Segment Open

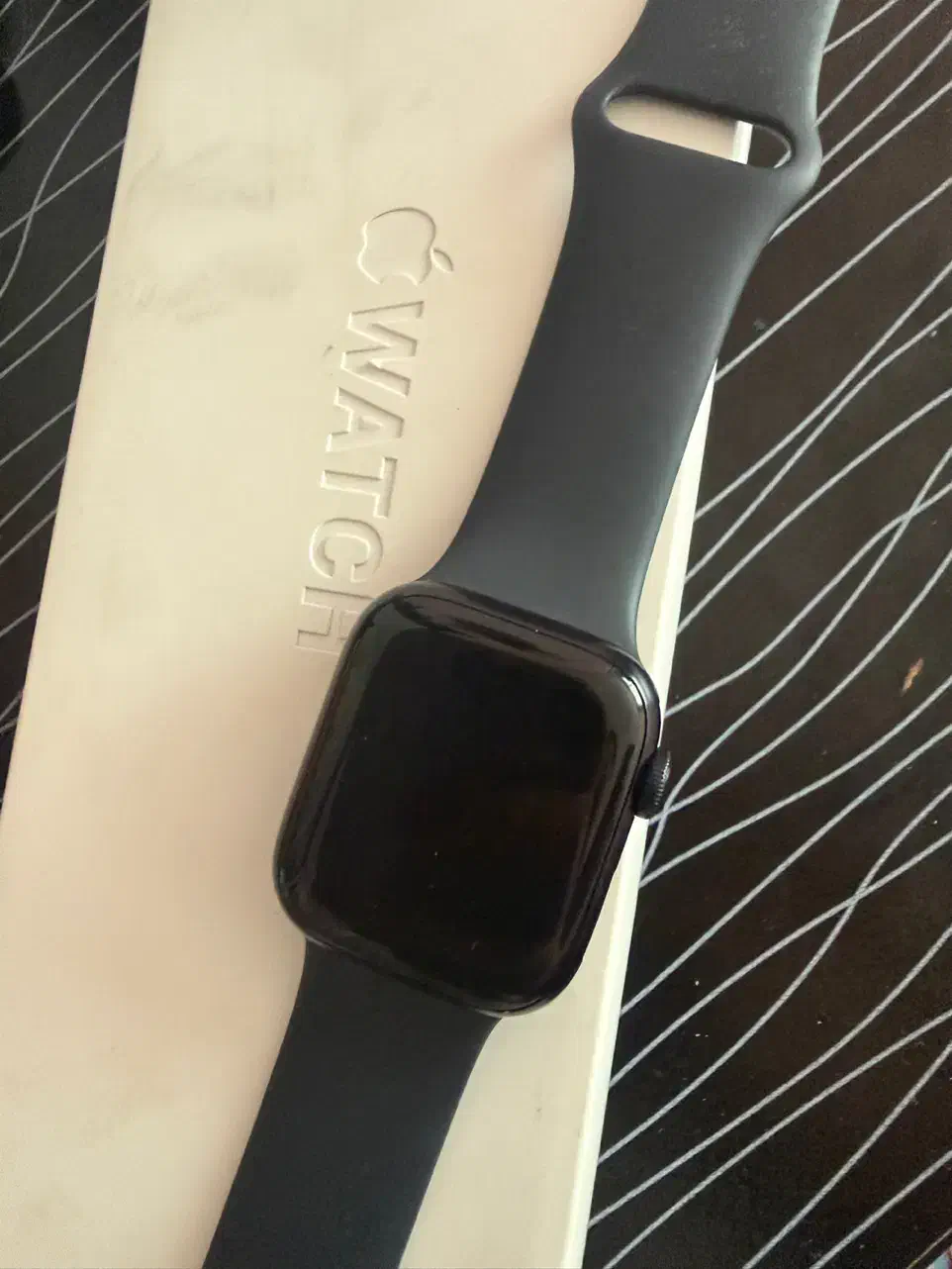 اپل واچ سری ۸|لوازم جانبی موبایل و تبلت|کرمانشاه, |دیوار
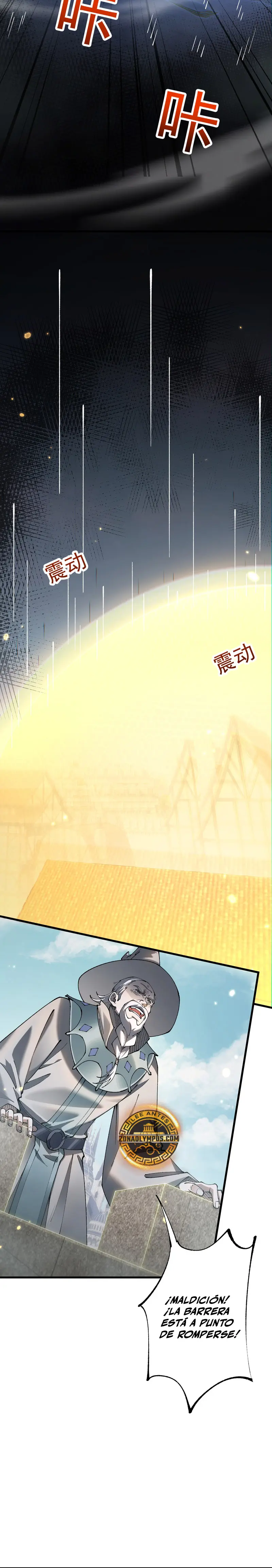 De Duende a Dios Goblin Capítulo 66 - Page 18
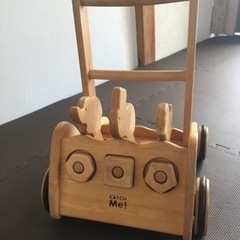 手押し車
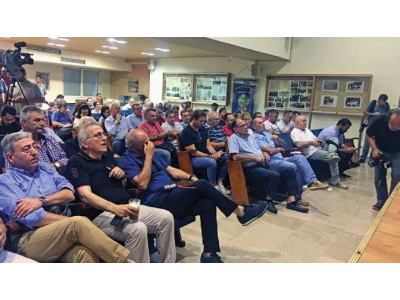 Γραμματεία Τύπου και Δημοσίων Σχέσεων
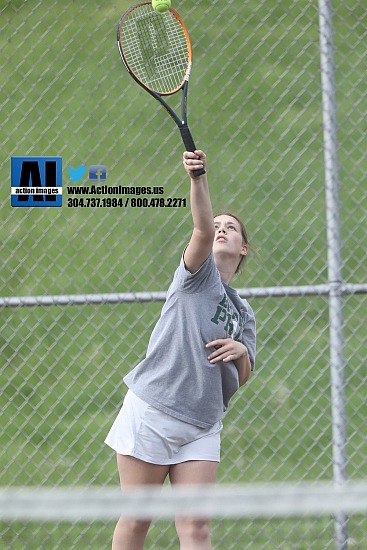 Brooke Girls Tennis 5-6-21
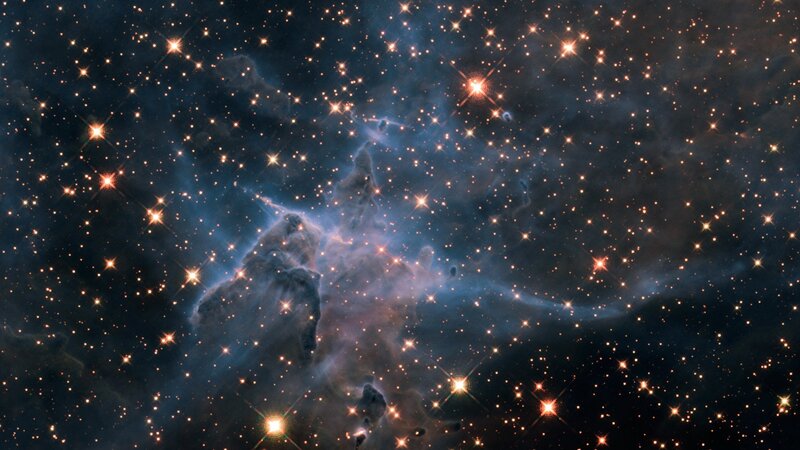 Cosmic Clouds and Stars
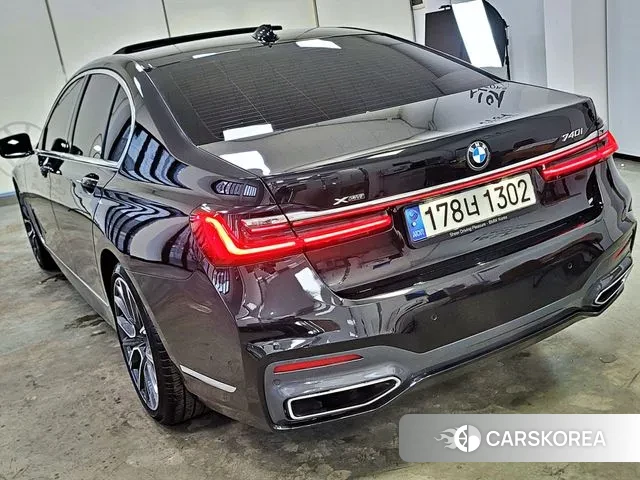 BMW 7 Series (G11) id 3586742 из Кореи 14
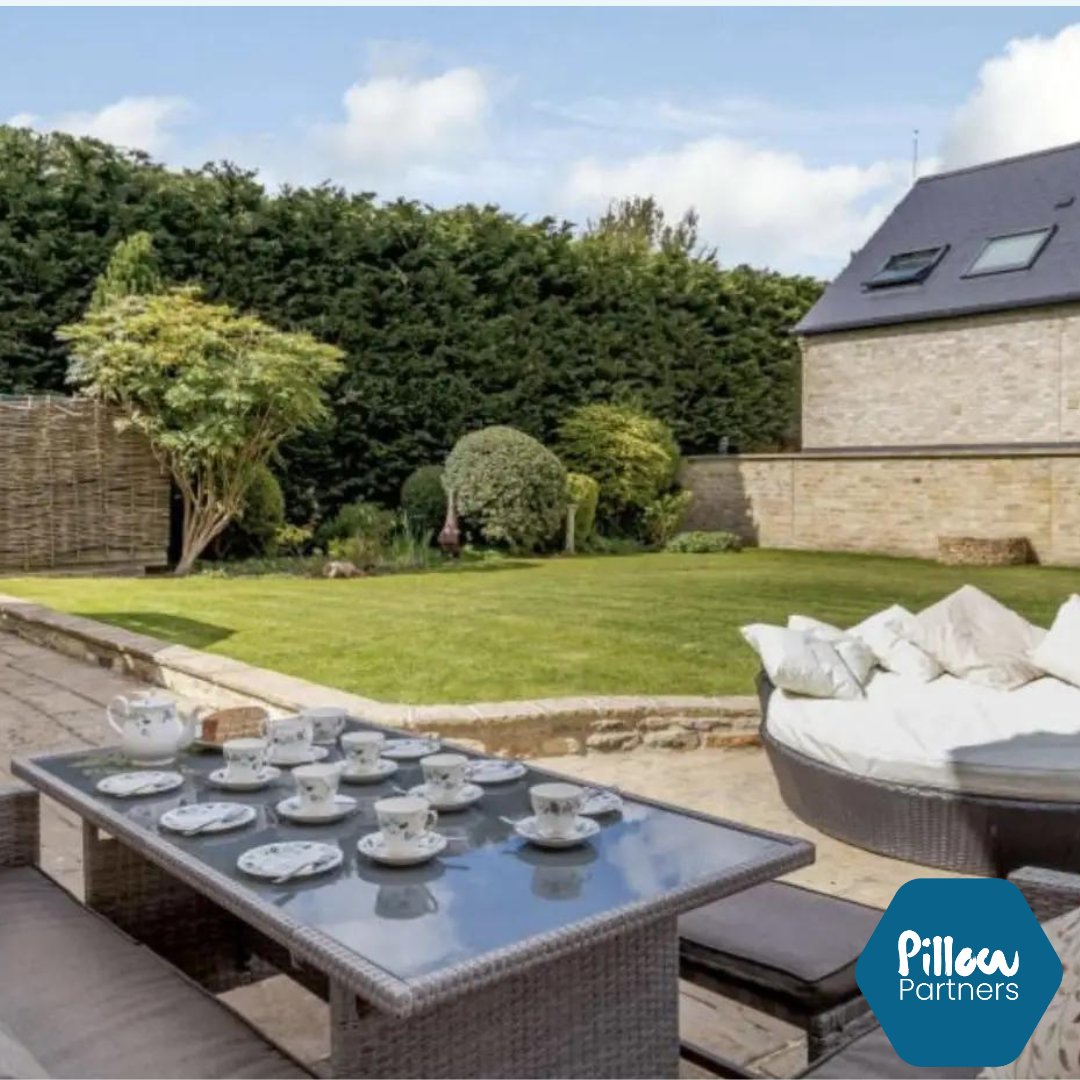 Pillow Partners tweet media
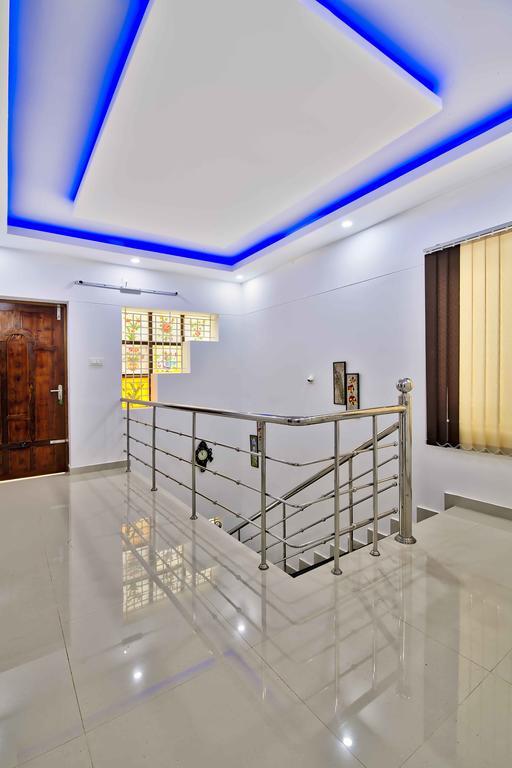 Rams Guest House Near Lulu Mall Thiruvananthapuram Exterior foto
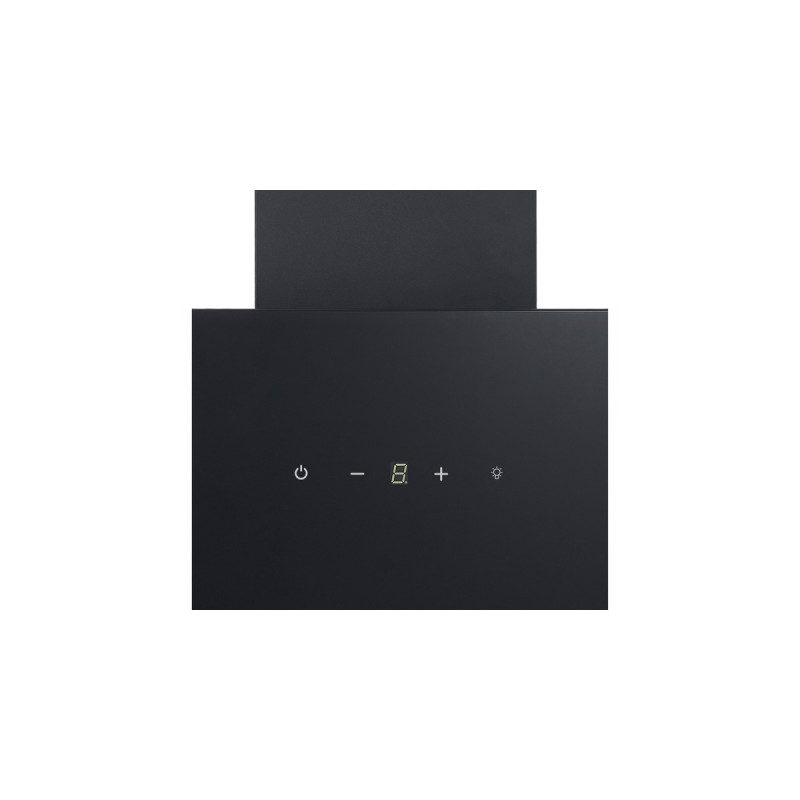 Respekta CH 24060 SAM, Dunstabzugshaube(schwarz)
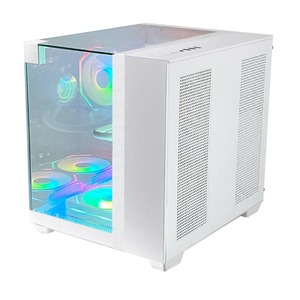 Pcooling Coque modulaire innovante pour <span class=keywords><strong>PC</strong></span> avec personnalisation facile Refroidissement optimisé et intérieur spacieux pour les composants haut de gamme - Product Image 5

Segment Closed

What to work on: Copy exactly the lines that run from the line containing "Respekta CH 24060" to the end of the data above, keeping both end lines and leaving out all pictures.

Solution for this task:
 Respekta CH 24060 SAM, Dunstabzugshaube(schwarz)
 Pcooling Coque modulaire innovante pour <span class=keywords><strong>PC</strong></span> avec personnalisation facile Refroidissement optimisé et intérieur spacieux pour les composants haut de gamme - Product Image 5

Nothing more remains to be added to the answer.